Vertebrate Night Vision: An Adaptation Made Possible by Bacteria

Vertebrate+Night+Vision%3A+An+Adaptation+Made+Possible+by+Bacteria

Photo by Angela Liang/ UCSD Guardian

Chelsea Blankenchip, Contributing Writer

Researchers with the UC San Diego department of molecular biology recently traced the evolution of a key vertebrate eye protein to bacteria. More specifically, they found that the gene for vertebrate interphotoreceptor retinoid-binding protein was acquired through interdomain horizontal gene transfer from bacteria over 500 million years ago. 

In an article published in PNAS, researchers from Dr. Matthew Daugherty’s lab show that IRBP was acquired by the ancestor of all vertebrates — organisms with a backbone, including fish, amphibians, birds, and mammals — via iHGT.

Horizontal gene transfer is the transfer of genetic information from one organism to another without the means of reproduction. HGT is a well-known way for bacteria to share genes with each other and adapt to their environments. However, iHGT, or HGT between different branches of life, is quite rare. In fact, there is currently speculation as to how a bacterial gene could be transferred to a vertebrate ancestor. 

IRBP plays a critical role in the functioning of the vertebrate eye. In invertebrates, organisms without a backbone, light is sensed using retinoids. A specific wavelength of light changes the shape of the retinoid, allowing it to sense light. For the retinoid to be regenerated to the light-sensing form, it must be hit with a different wavelength of light. The process of light sensing and regeneration of receptors occurs in the same cell.

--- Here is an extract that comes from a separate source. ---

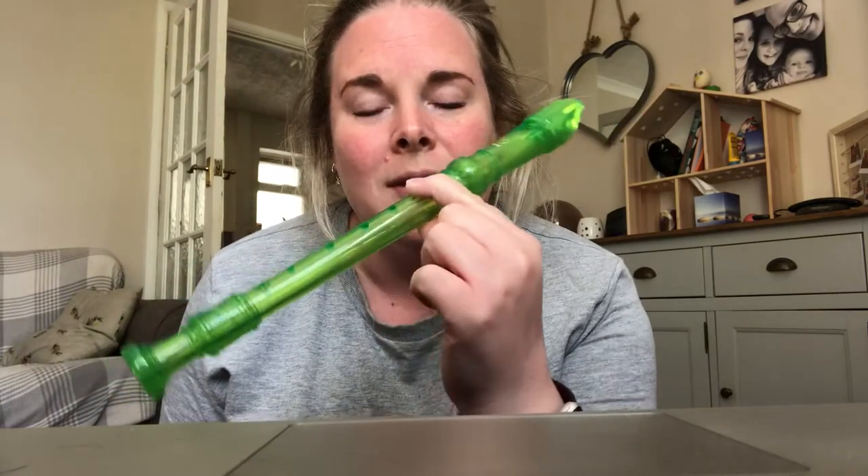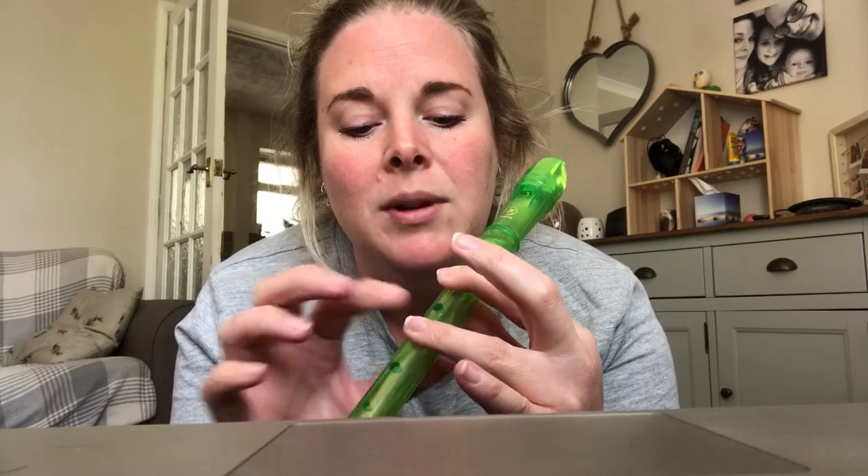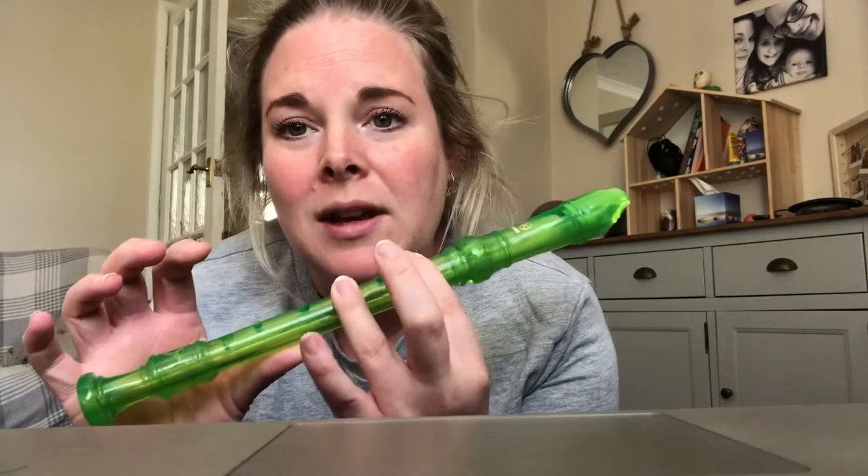So I need to teach you one new note that we haven't done yet in Recorder Club, and it's a really, really tricky one — but keep practicing this just this one note and you will get it. We're going to learn a B flat. We start with our normal B like this, left hand at the top, but we also have to put on this third finger — so we miss one and put it here — and then we put the first finger of the other hand on. So that note is a B flat.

In the photoreceptor cells of the vertebrate eye, light also changes the shape of retinoids, allowing for light to be sensed. Once the retinoid’s shape is changed and can no longer sense light, IRBP shuttles it to retinal pigment epithelium cells where the light-sensing retinoid can be regenerated. IRBP serves as the go-between that transfers retinoids between photoreceptor and retinal pigment epithelium cells. As the shuttle, IRBP contributes to the division of light sensing and retinoid regeneration. 

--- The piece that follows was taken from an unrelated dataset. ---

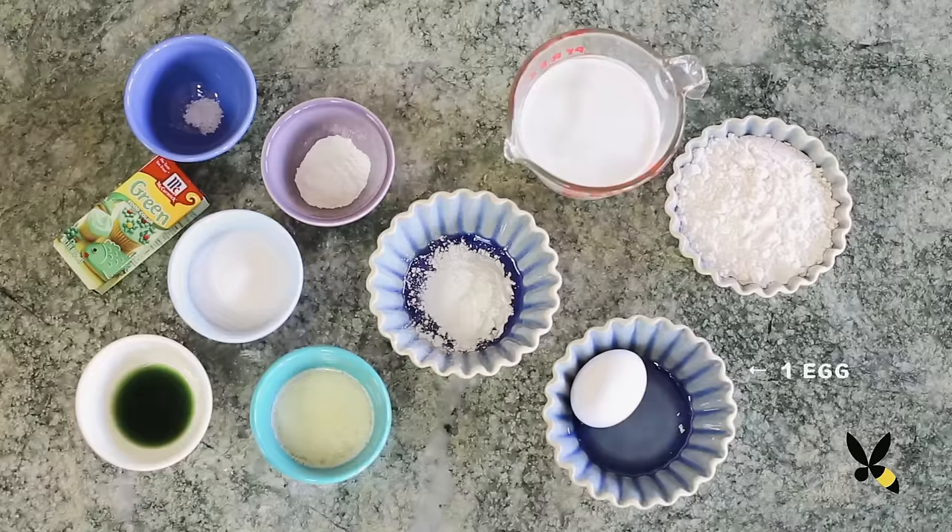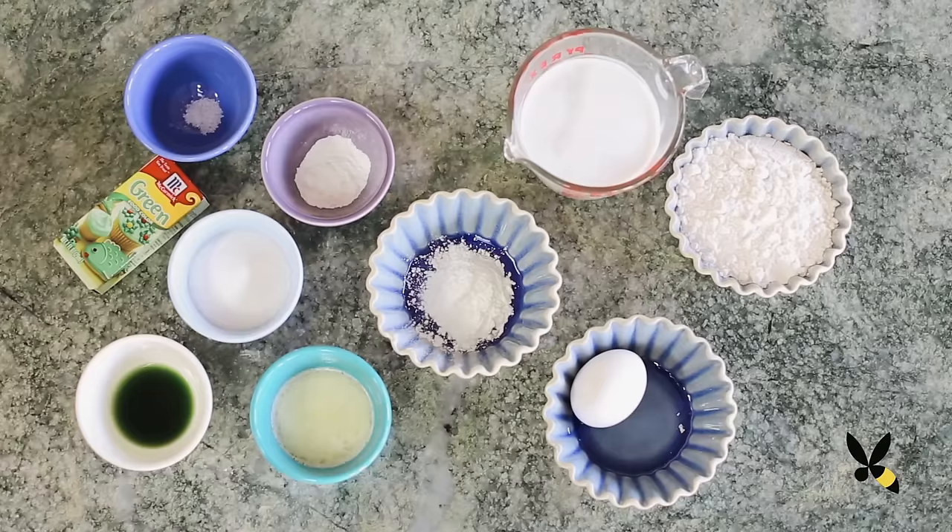You're going to need 1 egg, 1 cup of all-purpose flour, a tablespoon of corn starch, 1 cup of coconut milk, a quarter cup of melted butter, 4 tablespoons of white sugar, 2 teaspoons of baking powder, a pinch of salt, a tablespoon of pandan extract or a teaspoon of vanilla extract if you don't have any, and a few drops of green food coloring.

The separation of light sensing and regeneration means that light is not required to regenerate light-sensing retinoids. This adaptation helps vertebrates see in low light conditions, as any visible light is devoted to sensing instead of sensing and regenerating. 

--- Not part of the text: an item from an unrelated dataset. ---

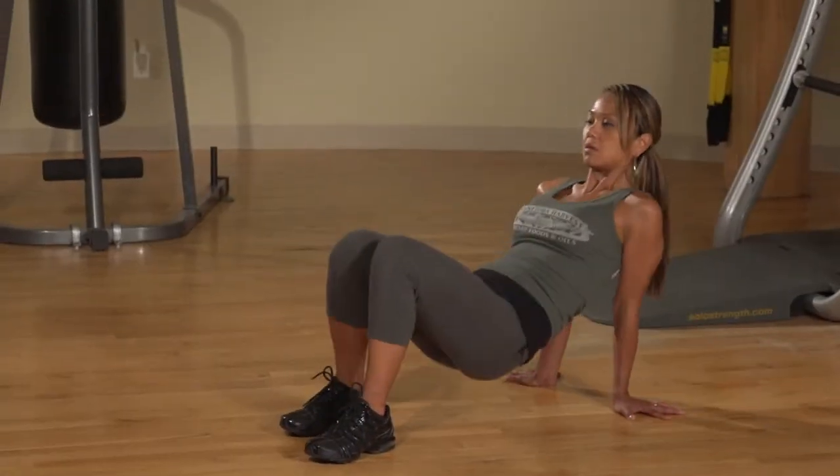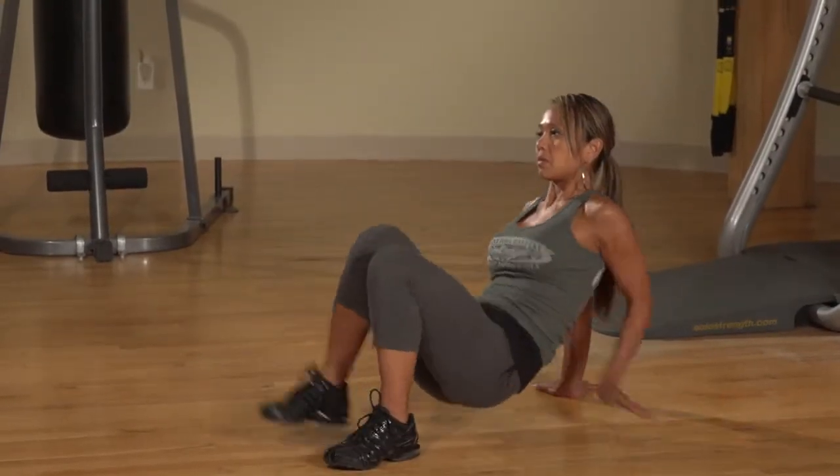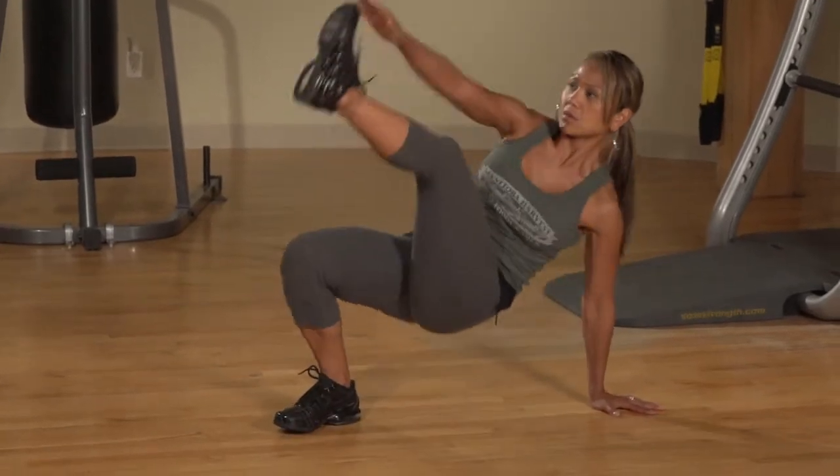Starting in the crab position, lift your hips up and touch your hand to the opposite foot. Alternate left and right, two touches on each side.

IRBP is a very important part of vertebrate vision. Mutation of IRBP in humans can result in retinitis pigmentosa and retinal dystrophy, which can both lead to blindness. 

The research on IRBP highlights iHGT as an underappreciated path for evolution. Most of us think of evolution as a process through which genes are inherited vertically from parents and changed and modified along the way. 

However, Daugherty notes, “This is a case where an entirely new genetic material can have this massive consequence on a given evolutionary lineage like vertebrates. Suddenly, there is this new genetic material that doesn’t exist in the ancestral species or sister species. That’s just going to change the entire evolutionary trajectory.”

The existence of iHGT means that there may still be mysteries out there relating to how certain functions in vertebrates evolved. “Even in a system that has been studied incredibly well like the vertebrate eye, [there are] still potentially surprises about the evolutionary origin of these genes,” Daugherty said.

The lead author on the paper, Chinmay Kalluraya is a former UCSD undergraduate student and is now a graduate student at MIT.